Reprenant la parole pour répondre aux questions des expertes, Mme SERGEEVA a expliqué que la définition des crimes tels que le viol ne connaît pas, dans le Code pénal du Bélarus, les limitations qu'ont soulevées les expertes. La Vice-Ministre a par ailleurs indiqué que, depuis sa création, le Bélarus a tenté d'humaniser les sanctions pénales à l'égard des femmes. Le nouveau Code pénal a, par exemple, transformé la peine capitale pour les femmes enceintes en peine de prison à perpétuité. De même, le Code pénal prévoit la possibilité de reporter l'exécution de la peine encourue par une femme enceinte ou une femme qui a un enfant de moins de deux ans.

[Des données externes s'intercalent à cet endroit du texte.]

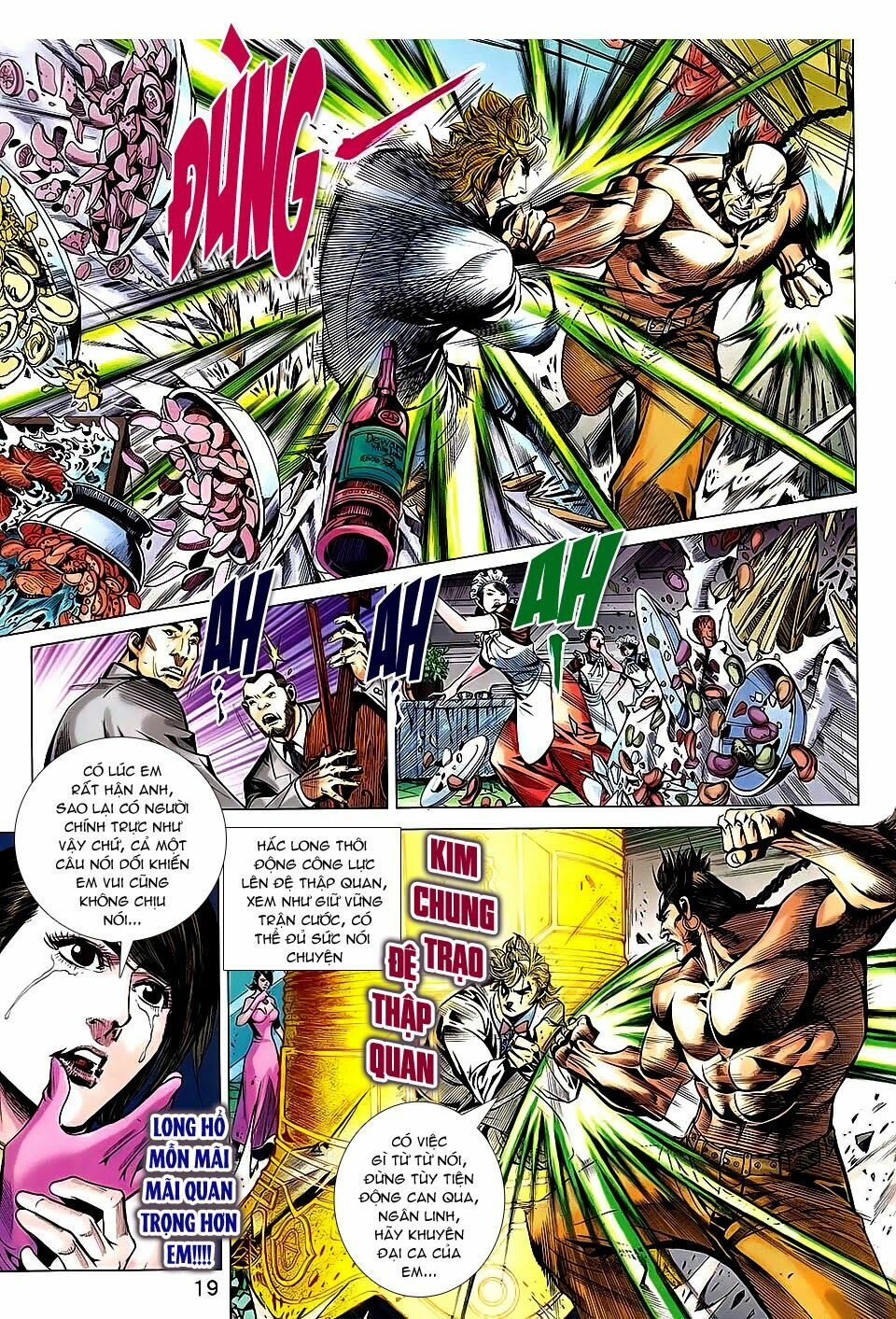 thạch hắc long truyện chapter 65 18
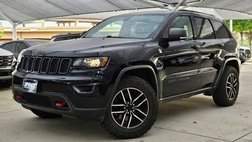 2021 Jeep Grand Cherokee Trailhawk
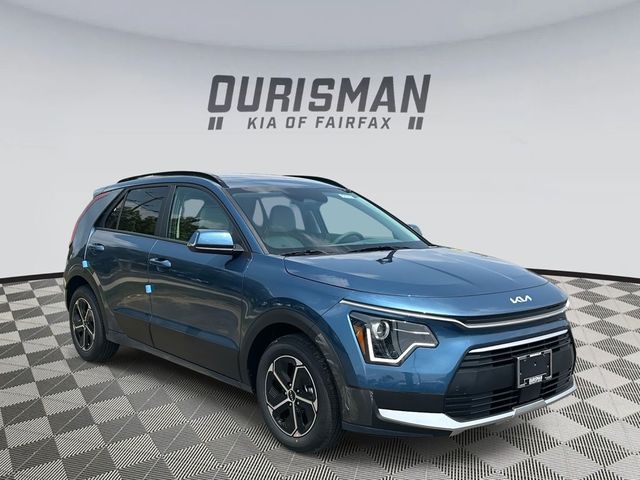 2025 Kia Niro EX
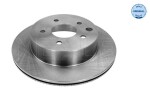 Piduriketas MEYLE-ORIGINAL: True to OE. 36-15 523 0050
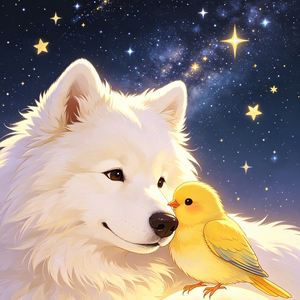 生辰星落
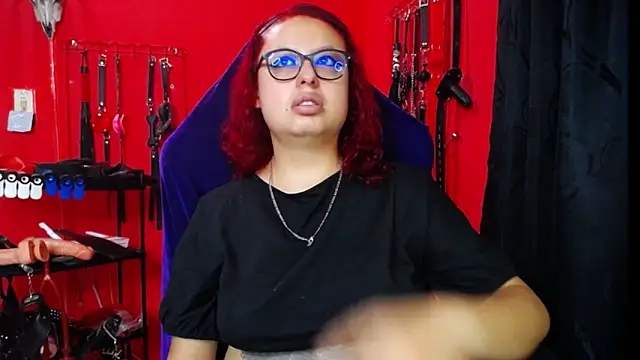 slave Rubi online show from 05-19-26, 02:34
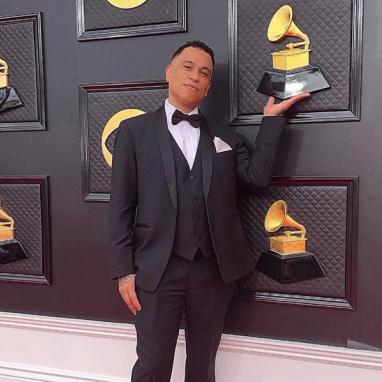 Black Shawl Lapel Tuxedo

Répondant aux inquiétudes exprimées par les expertes au sujet d'une éventuelle privatisation du secteur de la santé, Mme Sergeeva a indiqué que ce secteur ne fait certes pas partie des domaines qui, aux termes d'une loi récemment adoptée, ne peuvent faire l'objet d'une privatisation, mais que, tout au moins, la santé ne fait pas partie des secteurs prioritaires de privatisation.

Prenant à son tour la parole, Mme CHUTKOVA a indiqué que, d'après les chiffres officiels, 30% des femmes ont recours aux moyens de contraception intra-utérins. Dans le domaine de l'emploi, le nouveau Code du travail marque un pas en avant dans la protection de la femme car il ne met plus seulement l'accent sur sa protection en tant que mère mais également sur la protection de la femme en général, indépendamment de son statut de mère. Mme Chutkova a également informé le Comité que, l'année dernière, 1500 femmes ont été licenciées sans garanties quant à l'obtention d'un nouveau poste. Dans ce cas, des programmes de recyclage sont mis à la disposition des femmes par le Gouvernement, a-t-elle ajouté.

Dans sa conclusion, la Présidente du Comité, Mme AIDA GONZALEZ MARTINES, experte du Mexique, a relevé que l'une des préoccupations majeures quant à la condition des femmes au Bélarus réside dans la persistance de stéréotypes qui continuent à confiner les femmes dans un rôle encore en marge de celui qu'elles devraient jouer dans la cadre du développement du pays. Il ressort cependant de l'examen du rapport une volonté politique de la part du Gouvernement du Bélarus de donner pleinement application à la Convention sur l'élimination de toutes les formes de discrimination à l'égard des femmes. Le Comité recommande à l'Etat partie de diffuser largement dans son pays l'ensemble des commentaires, ainsi que les conclusions que le Comité formulera en fin de session.

Mme HANNA SCHOPP-SCHILLING, experte de l'Allemagne, a pour sa part encouragé l'Etat partie à revoir, dans son prochain rapport, sa démarche conceptuelle à l'égard des femmes et à ratifier le Protocole additionnel dans les plus brefs délais.